New York's Museum of the Moving Image held a screening of "Life Itself," the documentary focusing on late film critic Roger Ebert, followed by a chat with his wife Chaz Ebert, film critic Scott Foundas and filmmaker Ramin Bahrani. Among Bahrani and Foundas praising his work and discussing his influence, Chaz Ebert offered a few insights into his private life, their relationship and Roger's quirks. Here are the seven most charming, wonderful and touching things that Chaz had to say about her late husband. "Life Itself" opens in limited release on July 4.
The Eberts and director Steve James had originally envisioned another angle for the documentary.
"Roger was always an early adapter of technology, but he resisted going on Twitter or Facebook for some reason, I don't know why. So I kept after him. 'Roger you must join Twitter, you should!' And he said, 'No! Twitter is for twits. I'm a real writer, I can't be limited to 140 characters.' And of course once he joined Twitter he became the king of Twitter. He used to tweet like a teenager. Then he'd look to see how many followers he had, it was 10,000 and then 20,000. Around the time he got up to 800,000 he was like, 'Wow this is OK!' Later he did say that if he didn't have social media and his blogs as an outlet when he lost his physical voice, he probably would have died insane. Because he had all of these ideas churning around. And Roger not only wanted to express his ides, he was a communicator, and it was important to him that there be a two way communication. He didn't want to just send something out one way. He really liked giving things back for people. So I just really thank anyone who ever really communicated with him.
Chaz loved watching Gene Siskel and Roger Ebert fight.
"I would love watching them bicker about stuff, but not in person. Sometimes it would be such knock down, drag out fights in the studio that I would leave. I couldn't stay there. But then they were really funny when they were ganging up on each other or somebody else on the show."
Her favorite pieces of Roger's were on Terrence Malick films.
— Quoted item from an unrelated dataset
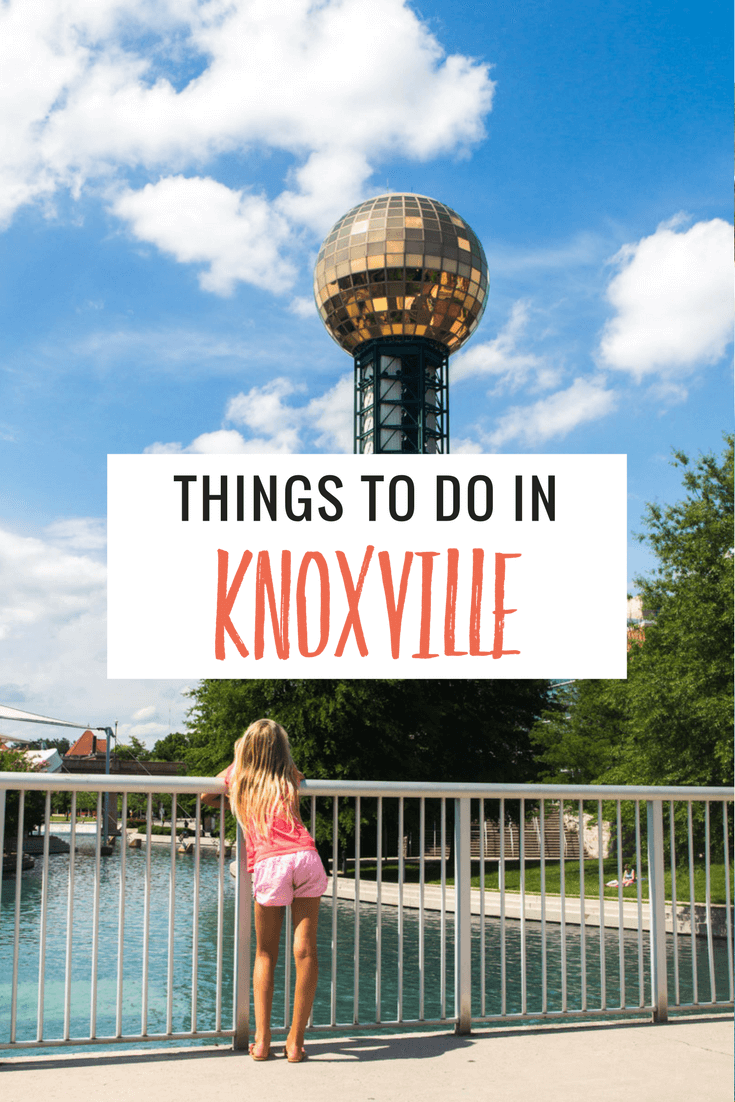 Visiting Knoxville soon? Check out these insider tips on things to do in Knoxville including where to stay and eat!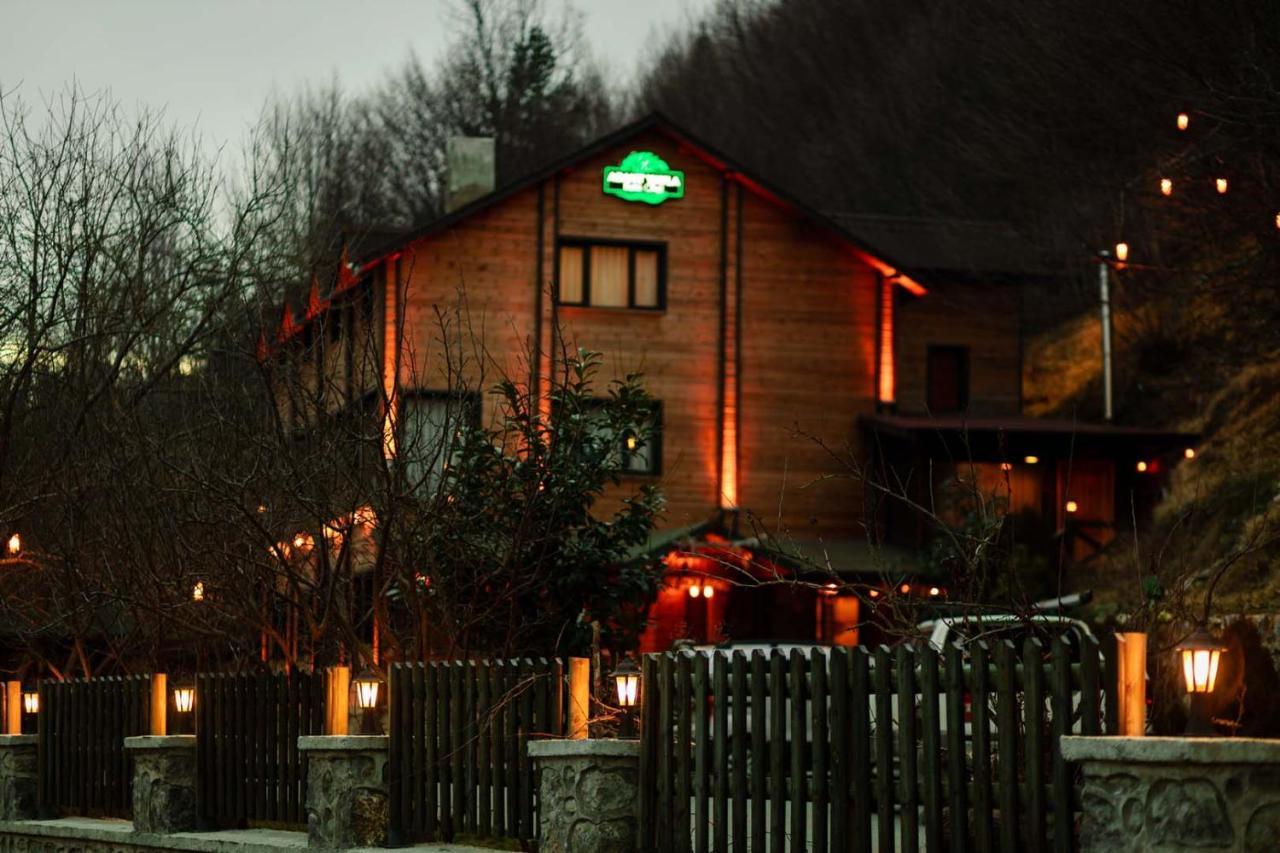 Abant Yayla Dagevi Bed & Breakfast Dereceören Exterior foto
"I loved all of his writing about Terrence Malick. His writing on Malick just really speaks to me. There are some other directors that he writes about, that when he writes about them his writing is either so poetic or so philosophical. It's like he's sitting next to you and having a conversation with you about them."
She's thankful that Roger's last review was of a Malick film rather than of "Transformers."
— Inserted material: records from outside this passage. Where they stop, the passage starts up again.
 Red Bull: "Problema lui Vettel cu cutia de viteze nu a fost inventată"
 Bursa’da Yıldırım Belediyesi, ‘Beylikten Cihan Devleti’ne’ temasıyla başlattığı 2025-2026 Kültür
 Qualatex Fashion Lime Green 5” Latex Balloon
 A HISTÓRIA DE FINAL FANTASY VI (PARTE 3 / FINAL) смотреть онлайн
Chaz and Roger started communicating telepathically towards the end.
"When Roger lost his physical voice they suggested that we take sign language so that we could communicate not only together but with more people. Roger said, 'No, I know my own language. I will make up my own sign language.' And he did and we were fortunate. But one time we were were having a dinner, Tony Scott was there, and Michael Phillips was there, we had everything all out, Christmas tree and everything. We lived in this row house, like a five story town house, and Roger was on the 2nd floor and I was on the 1st floor, and he looked down and he started talking to me and I said, 'OK I'll get it.' And Tony Scott and Michael Phillips were looking and I realized... Roger didn't have a voice, he didn't have a device, he didn't have a notepad. I heard him. We developed a mental telepathy. And that's how we used to communicate with each other.
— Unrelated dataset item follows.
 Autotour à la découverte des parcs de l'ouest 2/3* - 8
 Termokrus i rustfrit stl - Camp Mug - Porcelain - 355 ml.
Roger didn't like Chaz's favorite film, and vice versa.
Over the years he did make an effort. He said, 'I want to watch it again, perhaps I'm wrong.' But it didn't take. He said, 'There's something about the movie that just doesn't reach me, it doesn't resonate with me.' He never liked 'A Clockwork Orange' and that's OK. The one that he liked a lot that I didn't get was 'Joe Versus the Volcano.' I watched it a couple of times because I knew how much it meant to him. For years I did not give it a thumbs up. Then finally one day something happened and I watched it again and I got it."